Exercise objective:
Return the data below exactly, but only from the line containing "Abstract blue water" through the line containing "Black And White", with both of those lines included.

====== Records provided

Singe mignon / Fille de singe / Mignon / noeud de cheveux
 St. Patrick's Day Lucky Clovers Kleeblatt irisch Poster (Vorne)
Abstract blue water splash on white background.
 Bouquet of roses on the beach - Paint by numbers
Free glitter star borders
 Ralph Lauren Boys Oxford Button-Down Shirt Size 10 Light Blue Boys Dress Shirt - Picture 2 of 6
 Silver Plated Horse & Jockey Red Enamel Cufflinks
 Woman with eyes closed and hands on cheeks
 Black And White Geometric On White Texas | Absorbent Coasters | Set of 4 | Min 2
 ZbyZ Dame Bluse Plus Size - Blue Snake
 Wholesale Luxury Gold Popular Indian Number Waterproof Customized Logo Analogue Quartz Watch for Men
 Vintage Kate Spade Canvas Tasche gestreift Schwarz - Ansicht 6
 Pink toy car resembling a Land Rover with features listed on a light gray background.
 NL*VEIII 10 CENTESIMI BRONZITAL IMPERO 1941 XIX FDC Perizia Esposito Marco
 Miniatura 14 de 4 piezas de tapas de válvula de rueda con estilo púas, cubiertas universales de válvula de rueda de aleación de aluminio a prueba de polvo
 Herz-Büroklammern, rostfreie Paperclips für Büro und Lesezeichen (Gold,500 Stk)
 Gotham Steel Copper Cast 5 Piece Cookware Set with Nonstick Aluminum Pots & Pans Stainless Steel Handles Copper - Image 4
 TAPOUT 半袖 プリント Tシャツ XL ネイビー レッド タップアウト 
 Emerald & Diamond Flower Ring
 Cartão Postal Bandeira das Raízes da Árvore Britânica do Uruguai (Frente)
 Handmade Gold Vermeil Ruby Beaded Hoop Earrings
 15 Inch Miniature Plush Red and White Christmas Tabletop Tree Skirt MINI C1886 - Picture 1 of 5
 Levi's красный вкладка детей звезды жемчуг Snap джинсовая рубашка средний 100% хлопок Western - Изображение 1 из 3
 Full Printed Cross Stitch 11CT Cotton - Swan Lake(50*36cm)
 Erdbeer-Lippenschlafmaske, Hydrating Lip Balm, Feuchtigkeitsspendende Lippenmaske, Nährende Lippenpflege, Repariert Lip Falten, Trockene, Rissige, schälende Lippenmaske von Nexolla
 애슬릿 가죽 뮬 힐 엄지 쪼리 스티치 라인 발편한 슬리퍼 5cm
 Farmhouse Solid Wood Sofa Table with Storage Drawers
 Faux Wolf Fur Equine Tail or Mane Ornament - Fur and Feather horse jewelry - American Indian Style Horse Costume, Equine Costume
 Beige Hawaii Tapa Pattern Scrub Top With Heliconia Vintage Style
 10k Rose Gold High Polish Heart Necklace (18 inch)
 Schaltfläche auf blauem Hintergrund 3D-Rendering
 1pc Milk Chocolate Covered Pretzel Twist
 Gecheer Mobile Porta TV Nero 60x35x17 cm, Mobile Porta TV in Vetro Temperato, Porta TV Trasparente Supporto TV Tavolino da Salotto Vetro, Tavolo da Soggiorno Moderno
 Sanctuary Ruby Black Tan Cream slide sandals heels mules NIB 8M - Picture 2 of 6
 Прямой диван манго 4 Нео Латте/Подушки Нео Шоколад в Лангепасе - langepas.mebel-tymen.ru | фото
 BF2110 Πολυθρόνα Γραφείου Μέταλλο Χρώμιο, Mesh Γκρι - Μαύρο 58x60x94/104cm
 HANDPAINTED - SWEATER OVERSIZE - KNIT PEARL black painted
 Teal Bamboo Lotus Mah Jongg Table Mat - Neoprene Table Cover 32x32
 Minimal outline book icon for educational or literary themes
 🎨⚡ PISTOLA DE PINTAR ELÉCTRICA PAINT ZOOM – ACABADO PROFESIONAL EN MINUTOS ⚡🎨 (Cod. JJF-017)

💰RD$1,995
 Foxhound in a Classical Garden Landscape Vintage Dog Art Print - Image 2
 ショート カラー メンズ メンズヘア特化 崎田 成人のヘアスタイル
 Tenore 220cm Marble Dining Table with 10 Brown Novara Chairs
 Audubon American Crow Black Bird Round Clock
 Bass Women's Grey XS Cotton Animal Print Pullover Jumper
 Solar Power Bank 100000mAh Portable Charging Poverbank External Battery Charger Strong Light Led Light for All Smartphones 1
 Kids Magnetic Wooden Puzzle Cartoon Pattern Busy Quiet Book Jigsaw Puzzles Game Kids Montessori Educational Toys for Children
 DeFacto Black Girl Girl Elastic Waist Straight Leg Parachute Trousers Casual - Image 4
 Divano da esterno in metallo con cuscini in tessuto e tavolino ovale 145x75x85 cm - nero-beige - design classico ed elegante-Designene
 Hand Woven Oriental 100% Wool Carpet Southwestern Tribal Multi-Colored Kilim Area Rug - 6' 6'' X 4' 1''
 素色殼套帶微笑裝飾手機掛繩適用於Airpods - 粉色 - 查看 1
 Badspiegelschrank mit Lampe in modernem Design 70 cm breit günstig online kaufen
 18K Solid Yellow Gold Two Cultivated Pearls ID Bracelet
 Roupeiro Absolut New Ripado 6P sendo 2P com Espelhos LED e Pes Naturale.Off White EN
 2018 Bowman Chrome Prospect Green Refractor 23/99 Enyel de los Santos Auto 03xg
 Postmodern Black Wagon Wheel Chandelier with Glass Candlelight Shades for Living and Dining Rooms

============

Response to this exercise:
Abstract blue water splash on white background.
 Bouquet of roses on the beach - Paint by numbers
Free glitter star borders
 Ralph Lauren Boys Oxford Button-Down Shirt Size 10 Light Blue Boys Dress Shirt - Picture 2 of 6
 Silver Plated Horse & Jockey Red Enamel Cufflinks
 Woman with eyes closed and hands on cheeks
 Black And White Geometric On White Texas | Absorbent Coasters | Set of 4 | Min 2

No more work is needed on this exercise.